John is currently a full time salary man earning a $80k package per annum. He's saved up $250k of trading capital and has developed a system that returns 25-30% per year. So he's thinking... $250k x 25-30% = $62.5 to 75k which is a bit lower than his current income, but his salary income will only be growing at inflation of say 2.5%, whereas his trading income can compound at 25-30% p.a. So he will be making much more money by becoming a trader... Right?

The answer may surprise you (it surprised me a lot!)
 
If John stays a salary man...

Key assumptions. Inflation and income growth = 2.5%. Investment return on capital = 8%. Super contribution = 9% of salary. Super return = 5%. Annual living expense $35k growing at annual inflation. All surplus cash re-invested.

In year 0, John's earning a $80k package, while making $20k from his $250k capital. After paying tax and living expenses, he has $31.7k available for further investments.

By year 10, John would be earning $102k in salary, $52.8k from investment capital (which has grown to $660k) and has accumulated almost $90k in super.

By year 25, the numbers are $148k in salary, $108k from investment capital (which has grown to $1.84m) and $370k in super. His total asset would be ~$2.2m.

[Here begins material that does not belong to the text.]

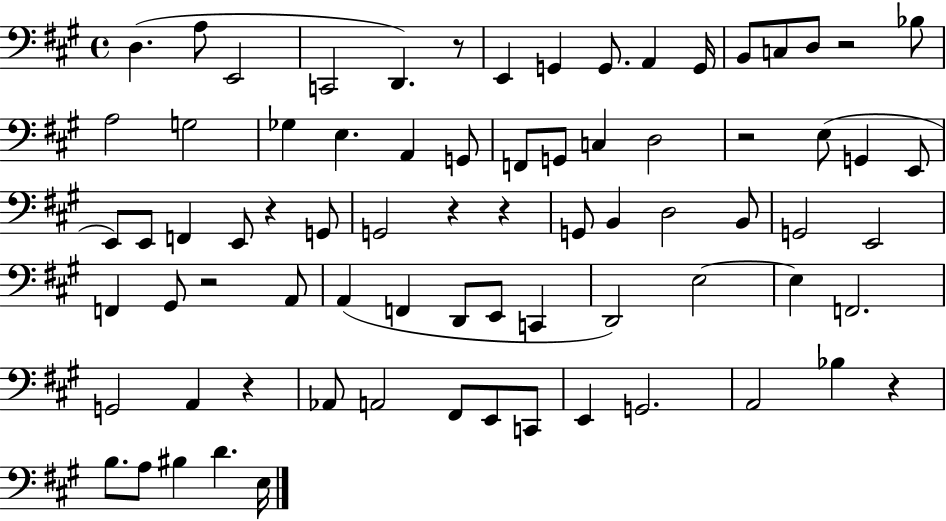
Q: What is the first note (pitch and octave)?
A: D3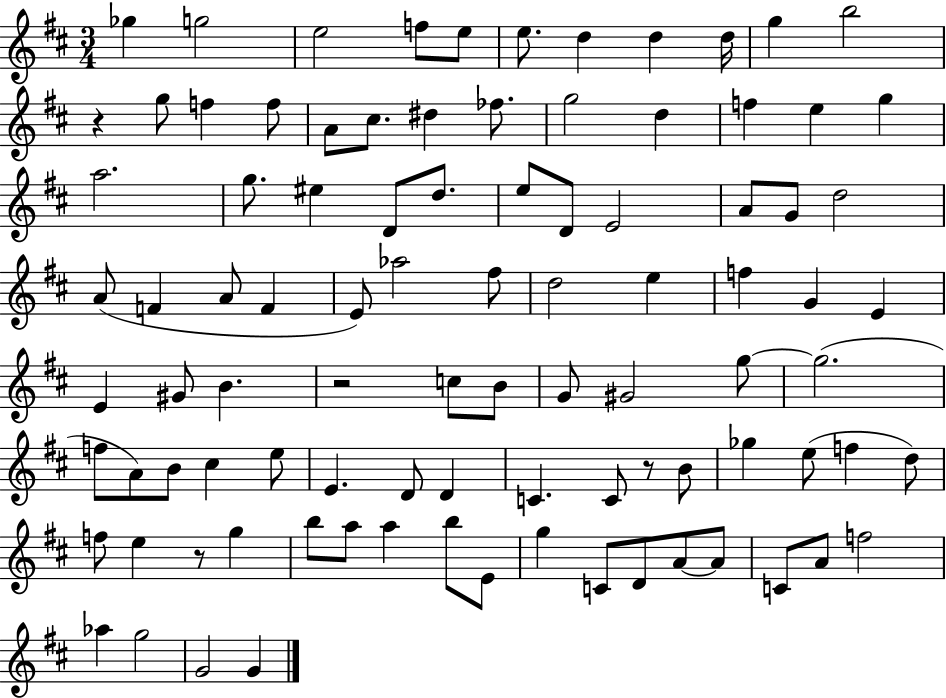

Trading costs - salary.JPG
 
If John becomes a private trader and makes 25% p.a. for the next 30 years...

Key assumptions. Inflation = 2.5%. Trading return on capital = 25%. 4-week leave adjustment per year on trading return (to account for holidays and sick leave). Super contribution = 0%. Annual living expense $35k growing at annual inflation. Deductible expense = $3k per annum (growing at inflation). All surplus cash applied to trading capital.

In year 0, John made a trading income $58k. After paying tax and living expenses, he has $13.4k available to add to trading capital.

By year 10, John would make a trading income of $107k and has surplus cash of $41k to add to his trading capital (which has grown to $465k). He has $0 in super.

By year 25, the numbers are $450k in trading income, $192k from investment capital (which has grown to $1.8m) and $0k in super. He would have total assets ~$1.8m.

Trading costs - 25% return.JPG
 
Here are the results in graph format.

Trading costs - compare assets.JPG

Trading costs - compare income.JPG

And here's the shocking reality...

It took 18 years for Trader-John's after tax income to catch up with Salaryman-John, and 30 years to have the same total asset... despite making 25% return each year for 25 years.
 
So here are the 4 hiddens costs to a private trader.

1. Cost of capital - If you've saved up some capital, the alternate is to invest it. This compounds in itself and your salary income provides further free cashflow to add to this investment capital every year. This effect is huge over the long term even though the annual investment return is low (the example only assumed 8%). This is the real opportunity cost of trading.

2. Drag by tax and expense - You might make 25% trading return, but the tax man takes a large cut and you need food and have bills to pay. In this example, the actual rate of compounding for Trader John was only 5.35% in the first year. You will compound much slower than you thought/hoped.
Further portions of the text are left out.